__TASK DIRECTIONS__
Output the data below only from the line containing "Used Dunlop GCB95" up to and including the line containing "Badan Singh (R) and Sushil Mooch (L)", exact and with the pictures left out.

(Short text fragments from websites)
○ ○ ○
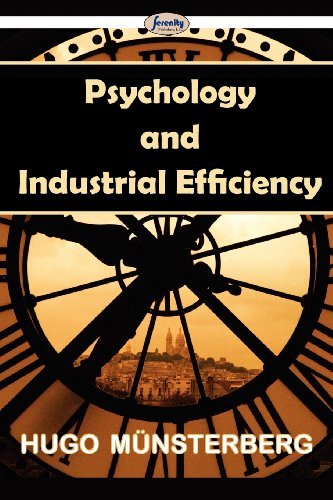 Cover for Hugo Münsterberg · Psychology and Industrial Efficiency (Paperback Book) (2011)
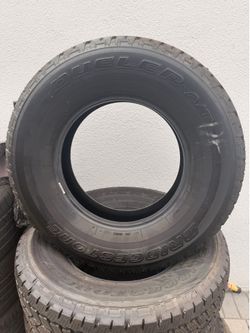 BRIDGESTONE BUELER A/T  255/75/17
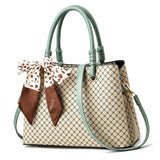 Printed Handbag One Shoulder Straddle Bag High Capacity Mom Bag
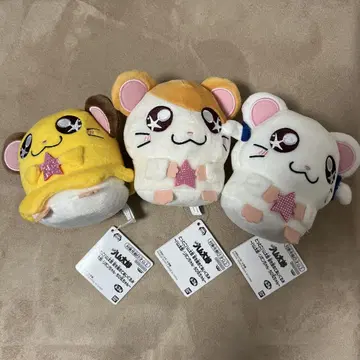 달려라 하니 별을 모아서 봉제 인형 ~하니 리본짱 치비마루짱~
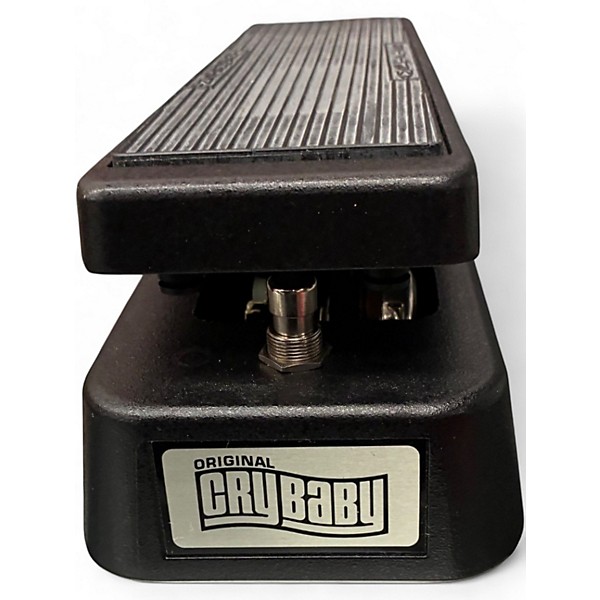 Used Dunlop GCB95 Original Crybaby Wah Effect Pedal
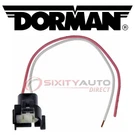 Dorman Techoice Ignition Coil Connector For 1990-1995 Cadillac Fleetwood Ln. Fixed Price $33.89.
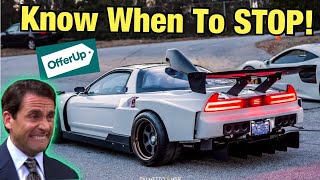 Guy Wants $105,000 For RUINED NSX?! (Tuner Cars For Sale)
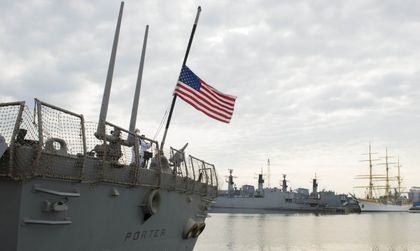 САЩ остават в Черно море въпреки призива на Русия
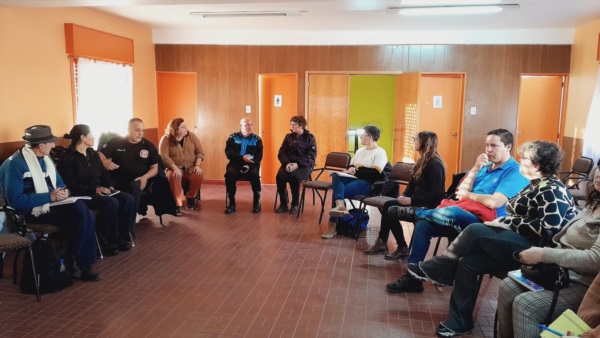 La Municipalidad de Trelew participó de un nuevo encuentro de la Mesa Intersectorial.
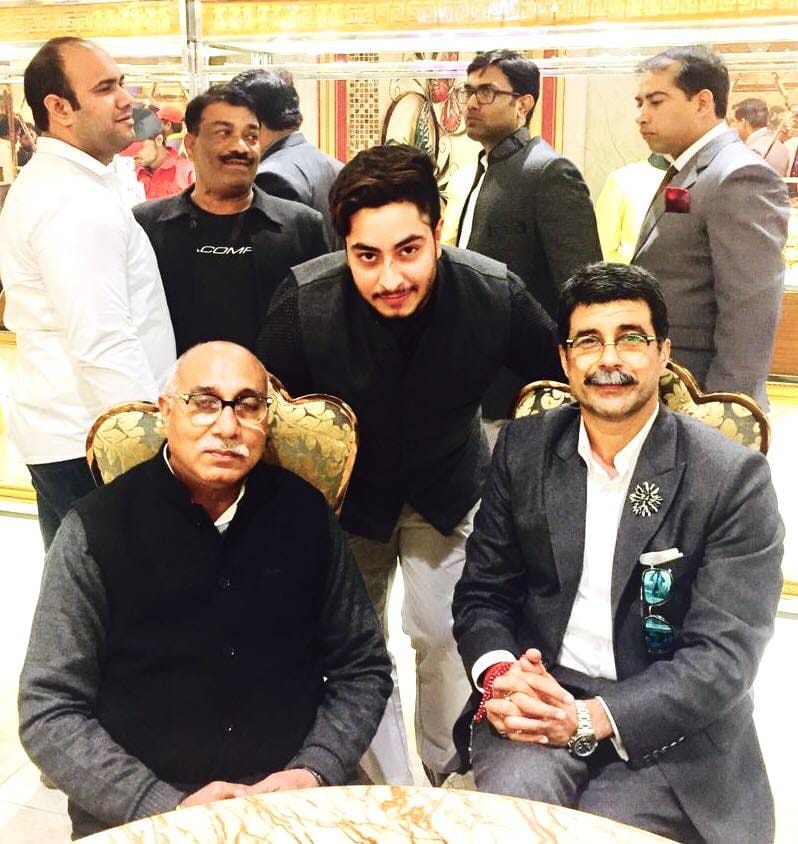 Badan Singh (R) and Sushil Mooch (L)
○ ○ ○
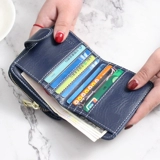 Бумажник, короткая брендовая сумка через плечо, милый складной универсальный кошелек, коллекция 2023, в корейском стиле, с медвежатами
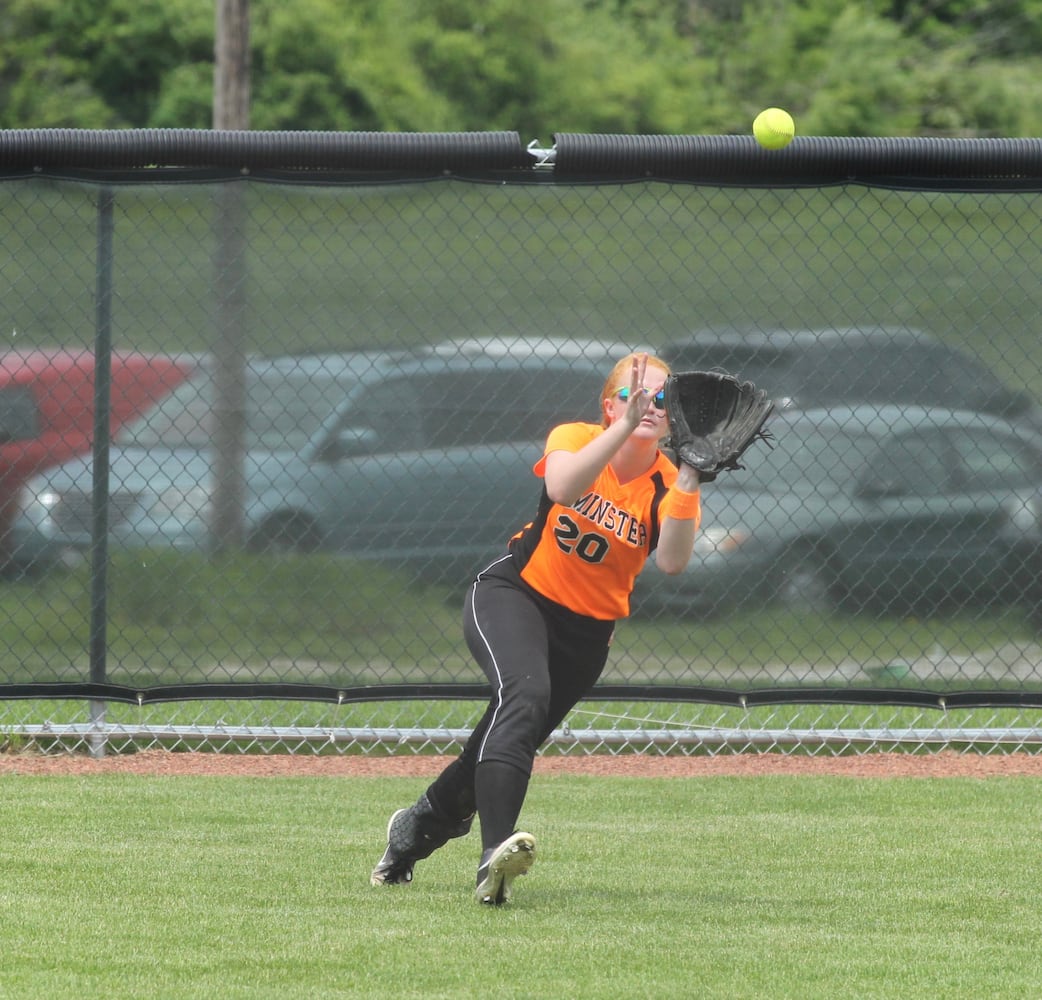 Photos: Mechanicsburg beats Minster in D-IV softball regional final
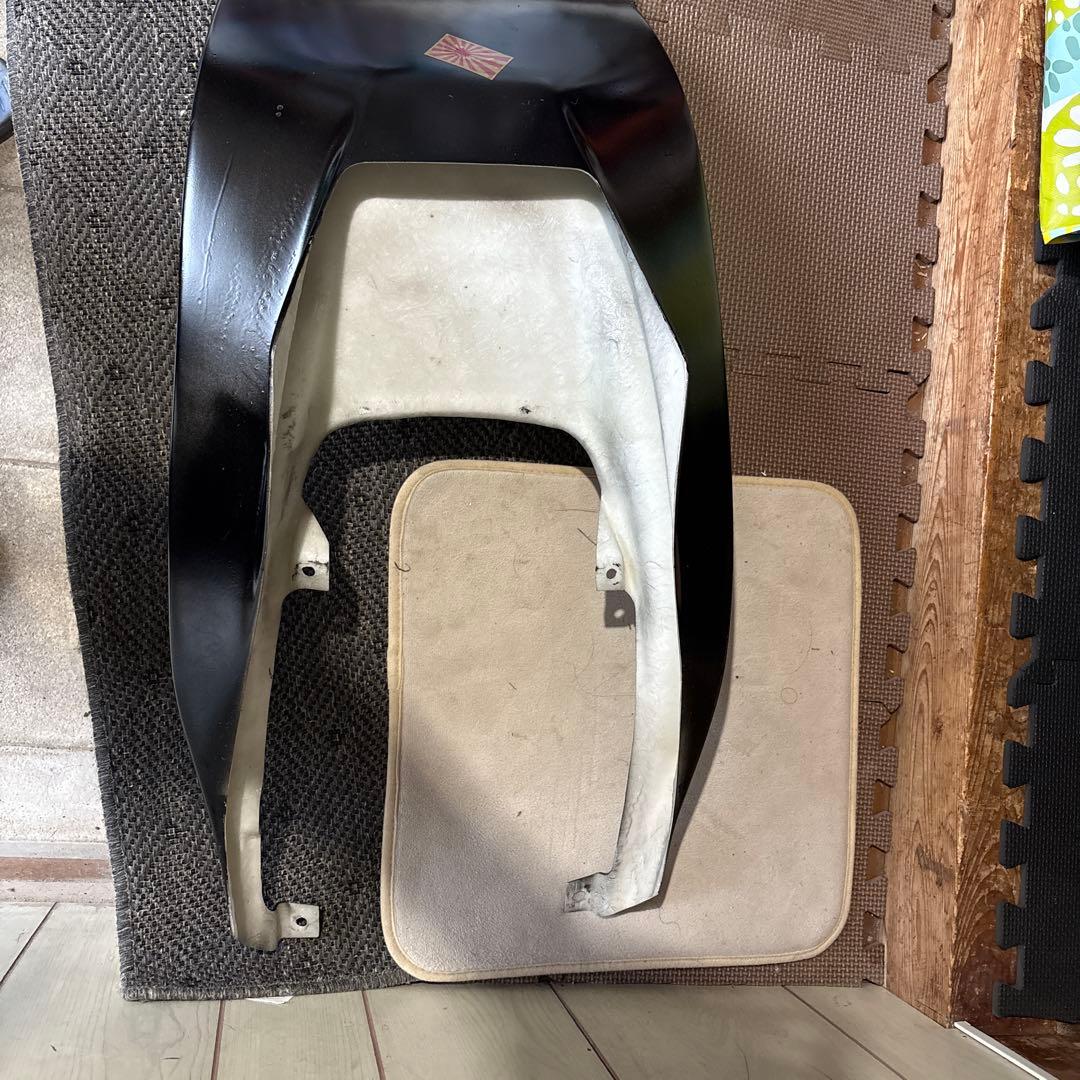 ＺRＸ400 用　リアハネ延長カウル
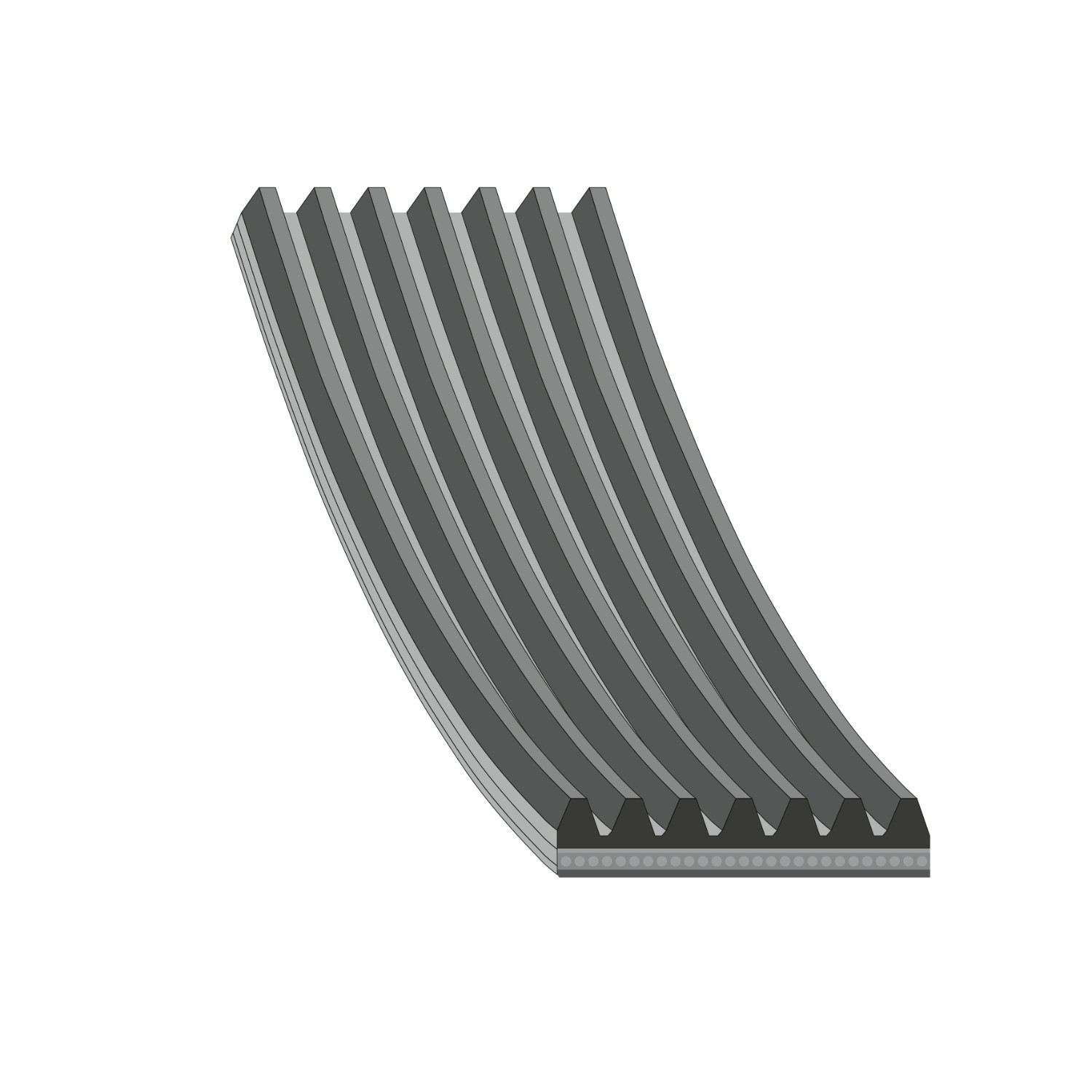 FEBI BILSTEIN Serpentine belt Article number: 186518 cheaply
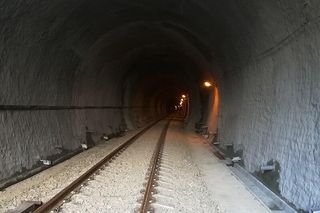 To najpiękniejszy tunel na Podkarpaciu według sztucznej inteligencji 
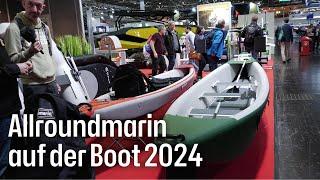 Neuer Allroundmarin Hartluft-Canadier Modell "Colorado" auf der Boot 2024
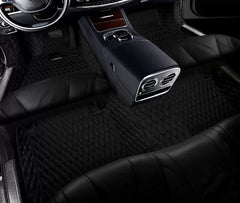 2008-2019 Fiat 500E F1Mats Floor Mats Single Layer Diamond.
○ ○ ○
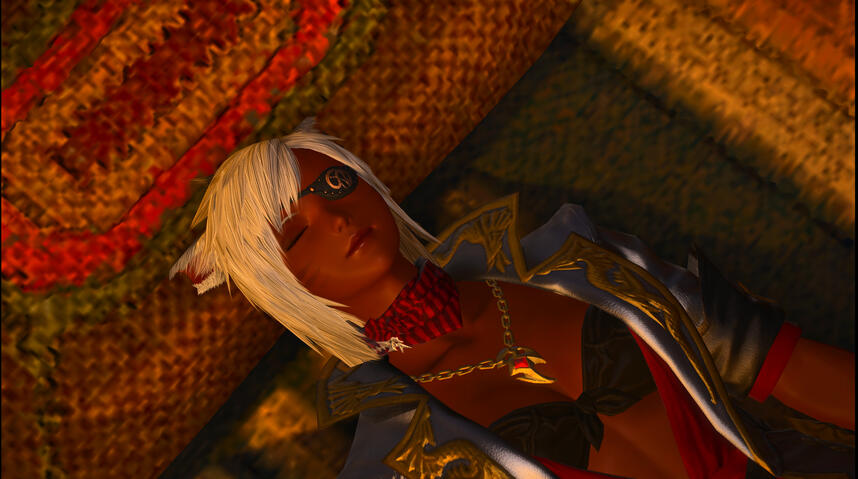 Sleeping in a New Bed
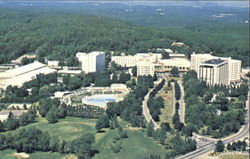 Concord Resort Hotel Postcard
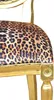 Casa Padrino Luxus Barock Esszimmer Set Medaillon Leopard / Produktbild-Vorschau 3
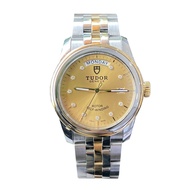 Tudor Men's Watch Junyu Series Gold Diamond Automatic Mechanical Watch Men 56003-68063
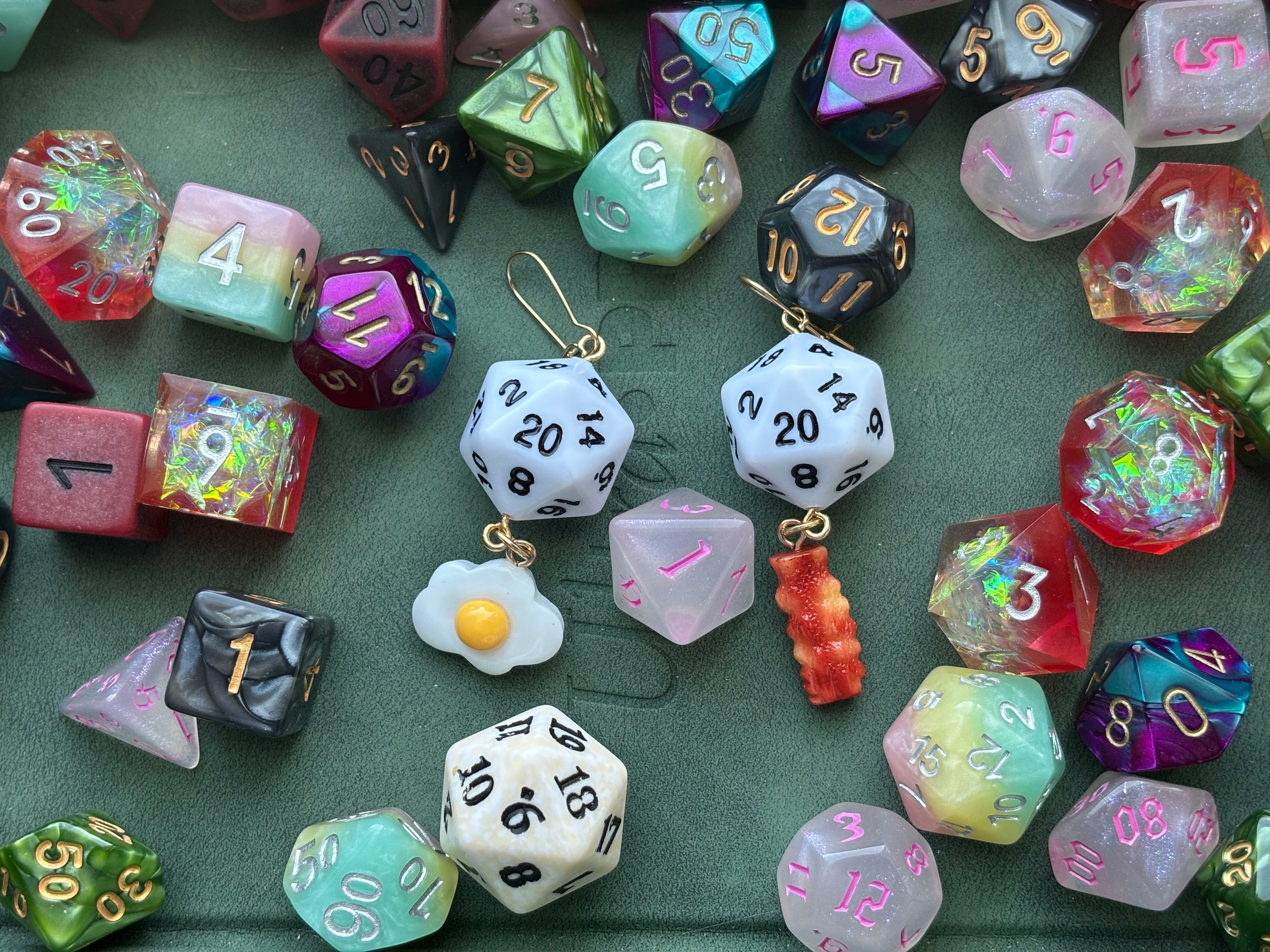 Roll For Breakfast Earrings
○ ○ ○
__TASK RESPONSE__
 Used Dunlop GCB95 Original Crybaby Wah Effect Pedal
 Dorman Techoice Ignition Coil Connector For 1990-1995 Cadillac Fleetwood Ln. Fixed Price $33.89.
 Guy Wants $105,000 For RUINED NSX?! (Tuner Cars For Sale)
 САЩ остават в Черно море въпреки призива на Русия
 La Municipalidad de Trelew participó de un nuevo encuentro de la Mesa Intersectorial.
 Badan Singh (R) and Sushil Mooch (L)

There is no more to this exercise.